Fin février, une cinquantaine de membres de l’administration hondurienne accompagnait le président Porfirio Lobo dans le sud-est asiatique pour voir de près les expériences réussies en Corée du Sud, à Singapour, Hong Kong ainsi qu’au Koweit. Il s’agissait d’établir des alliances pour la mise en œuvre d’une initiative de l‘économiste étatsunien Paul Romer connue sous le nom de “ Ciudades Modelo ” (Cités Modèles). Un mois plus tôt, les législateurs honduriens, de l’extrême droite putchiste à la prétendue gauche, (dénommée anti-putschiste) avaient approuvé cette initiative.

“ Ciudad Modelo ”
Cité Modèle, ce titre sonne bien. Pour concrétiser ce projet, il faut actualiser la législation, car il s’agit de mettre en place une authentique enclave, avec les lois d’autres pays, avec les lois commerciales des multinationales qui ont besoin d’avoir la voie libre pour fonctionner à plein rendement.
Pour les législateurs, fonctionnaires et chefs d’entreprises honduriens, la Cité Modèle n’est pas quelque chose de vraiment nouveau : c’est une modalité élargie du fonctionnement des maquilas, (usines d’assemblage) qui existent depuis les années 90. Les maquilas, exemptées d’impôts, sont de vrais paradis fiscaux où se pratique la traite des travailleurs. Leur fonctionnement ignore le Code du Travail. On y licencie les ouvrier(e)s de manière arbitraire. Sur ces territoires, les Hondurien(ne)s sont traités comme des animaux domestiques.

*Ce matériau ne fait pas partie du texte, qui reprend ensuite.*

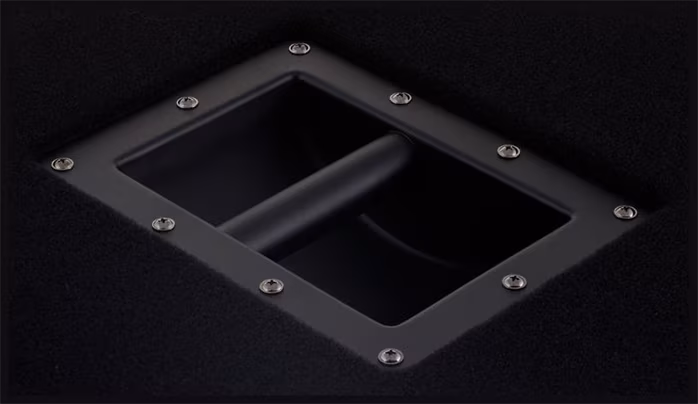 Markbass New York 151 Black - Basgitarový reprobox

Le passé : la “ République  bananière ”
Rien de très nouveau pour  les Honduriens : les compagnies  bananières étaient déjà des enclaves,  avec les maquilas et la restauration rapide. Elles étaient un Etat au sein d’un autre Etat. Et cet autre Etat qui occupait le territoire de l’Etat hondurien finissait par définir la politique, l’économie, la législation et même les coutumes de l’Etat occupé qui fournissait ses services à l’occupant. La caractéristique de cette période fut la consolidation du capital étatsunien dans l’industrie bananière de la Côte Nord, l’intervention croissante des compagnies bananières dans la vie politique nationale et une crise récurrente dans la stabilité du régime politique.

“ Si la Tela était ici !… ”
Dans les plantations de bananiers de la Vallée de Sula (au nord) il n’était pas rare d’entendre : “ Tout irait mieux si la Tela était ici. Avec eux on avait du travail, des écoles, l’électricité, le chemin de fer et même ils nous nettoyaient les patios de nos baraques. ” La Tela, multinationale bananière qui imposa son empire économique de 1912 presque jusqu’à la fin du siècle, prit prétexte de l’ouragan Mitch en 1998 pour abandonner l’investissement bananier. Elle imposait une culture d’enclave : la population dépendait de ses décisions, et celles-ci influaient sur l’élection des autorités municipales, départementales et nationales.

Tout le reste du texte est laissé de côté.